9 bodies unclaimed in Fresno massacre

Coroner pleads for relatives to help ID victims

San Francisco Chronicle/March 15, 2004
By Meredith May and Demian Bulwa

Fresno -- Coroners performing autopsies on the nine victims of a family massacre pleaded Sunday for the surviving mothers and relatives to come forward to help identify the bodies that were found entangled and piled atop one another.

Without assistance from the next of kin, Fresno County Coroner Lori Cervantes said her deputies are struggling to determine the identities of the two slain women and seven young children who lived with the sole suspect in the slayings, Marcus Delon Wesson.

"One woman called our office this morning claiming to be a mother, but she refused to say who she was and hung up," Cervantes said.

Coroner's deputies completed autopsies on four victims Sunday, all of whom had been shot. The other five appear to have died in the same manner within hours of one another, Cervantes said. The toll includes six females ages: 24, 17, 8, 7 and two 1-year-olds; and three boys: 7, 4, and 1.

Investigators made no statements Sunday, leaving open the question of when the killings occurred. Neighbors said they heard gunshots during a two- hour standoff Friday that ended with Wesson emerging from the West Hammond Avenue home with his clothes bloodied.

While Wesson, 57, sits in Fresno County Jail on $9 million bail awaiting arraignment on nine murder counts, authorities are trying to sort out the possibly polygamous and incestuous web of relationships he maintained with his female housemates.

Fresno Police Chief Jerry Dyer said Wesson apparently is the father of all the victims, and may have fathered two of the victims with his daughters. Police are looking for possible ties to a cult, after interviewing neighbors who described a secretive family who stacked 10 empty caskets in the home and rarely ventured outside. Many neighbors said they were surprised to learn that toddlers and babies lived at the home, because they said they had never seen them playing outside.

On the few occasions when the women were spotted outside the home, they were wearing long dark skirts and veils, neighbors said.

Police were alerted to the house Friday by two women who said Wesson had custody of their children through an informal arrangement, and they were having trouble reclaiming their kids.

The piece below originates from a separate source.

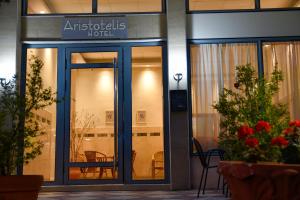 斯塔夫罗斯Aristotelis Hotel的带有玻璃门的建筑物入口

Coroner's deputies are trying to find mothers of the children by scanning through birth certificates in the Fresno County Office of Vital Statistics.

"The police department has been doing the lion's share of talking to family members, but we're at the point where we need to talk to (the mothers) as well to solidify in our minds who these victims are," Cervantes said.

She estimated it will take a few more days to finish the remaining five autopsies. She will release the victims' names once their identities have been established.

Neighbors and others who came into contact with the Wesson clan said they always thought something was amiss.

Frank Muna, an attorney who sold his historic Fresno home on Cambridge Avenue to five women who lived with Wesson, said each time he visited, Wesson appeared to be romantic with a different woman.

"I started noticing they were all intimate with each other. Marcus would have his arm around the tall one one time, and be sitting close with (another one) another time," he said.

The family silence following the deaths does not surprise cult expert Janja Lalich, a sociology professor at California State University at Chico and author of "Women Under the Influence: A Study of Women's Lives in Totalist Groups."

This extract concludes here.